English subtitles are provided for anyone in need.
There is a nice selection of bonus features on this disc, starting with two audio commentaries. The first track features Producer Cami Winikoff with Director William Wesley, and the two cover a lot of ground with a stream of production tales both positive and negative. The biggest problem in filming stemmed from the working conditions that come from shooting in a Florida swamp. Enough time has passed for them to laugh off some of the more ridiculous challenges and watching the film again entices Wesley to consider a return to the director’s chair.
The second commentary track is actually a trio of interviews conducted by Red Shirt Pictures’ Michael Felscher, who sits down with Richard Jeffries (29 minutes), Peter Deming (19 minutes) and composer Terry Plumeri (25 minutes).
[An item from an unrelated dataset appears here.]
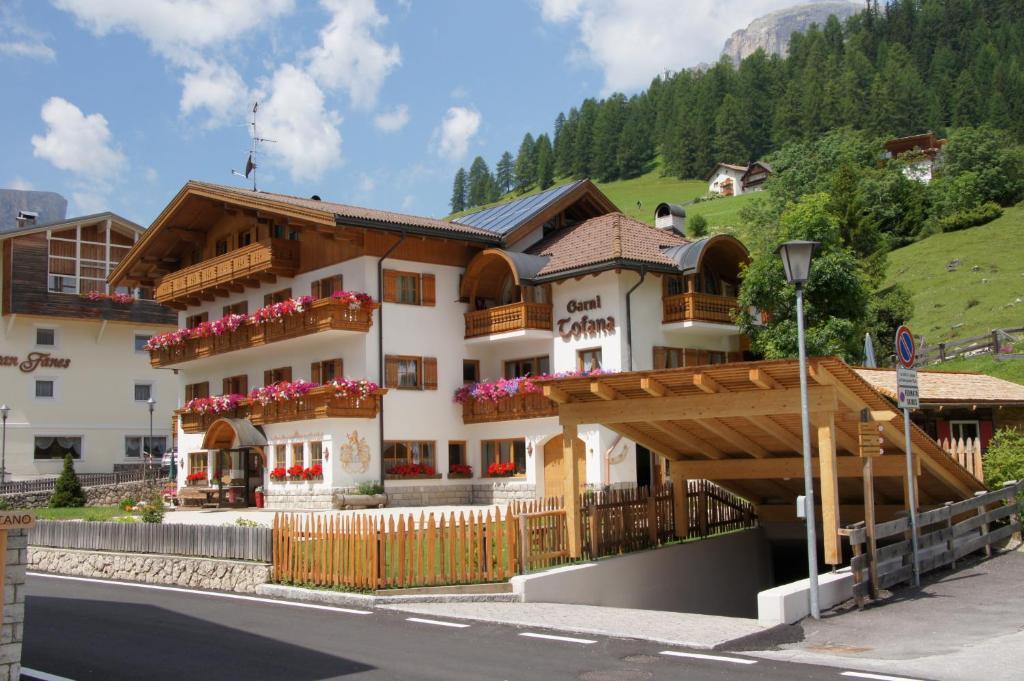 Garni Tofana Corvara In Badia Exterior foto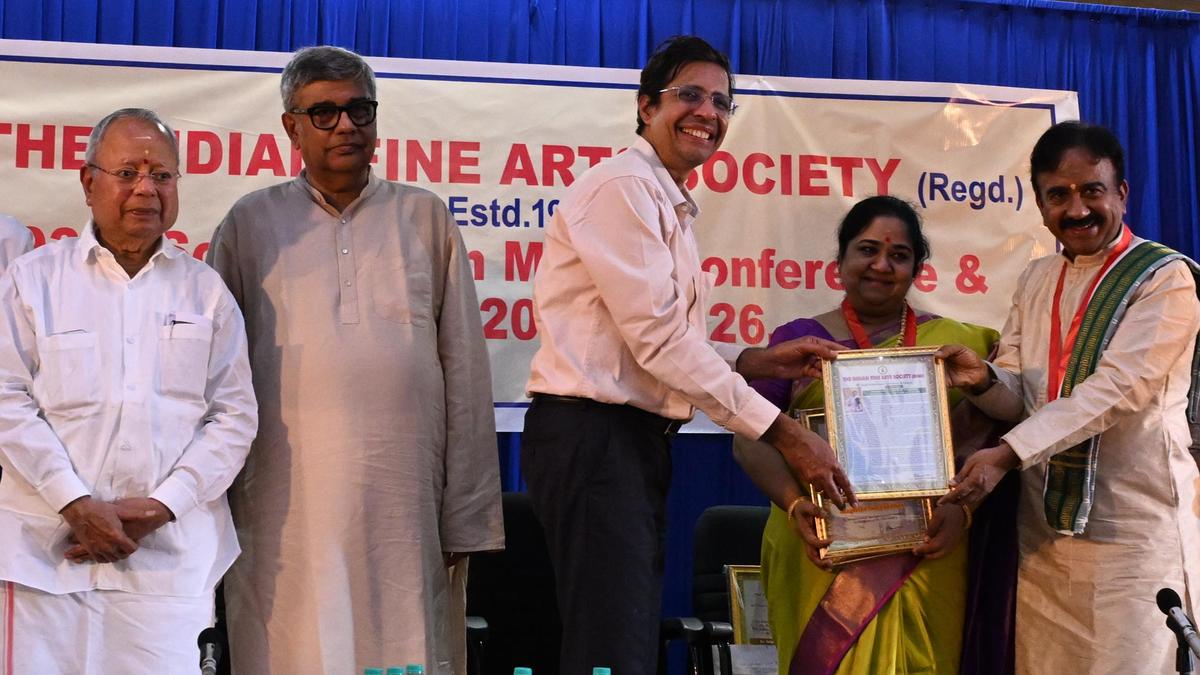Awards presentedto various artistes at music conference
All three separate pieces are highly informative and entertaining, though not scene-specific.
Make-up artist Norman Cabrera discusses his work on this, his first film job, in the excellent featurette The Last Straw (17 minutes). His enthusiasm for this project all these years later is endearing and Cabrera is instantly likeable as he reflects on how he got this gig, what the challenges were and the career he has enjoyed since.
Lead actor and executive producer Ted Vernon is more than happy to share his memories of this film in the segment Cornfield Commando (9 minutes). He discusses how he got involved with the picture, working with Wesley, and his beloved dog that appears in the movie with him.
An extensive storyboard slideshow (4 minutes) plays over music from the soundtrack and offers a look at some of the prep work that went into making Scarecrows.
A photo gallery (62 images) provides a look at the making of the film through a series of promotional shots featuring both monsters and victims.
The original theatrical trailer completes the special features on this disc.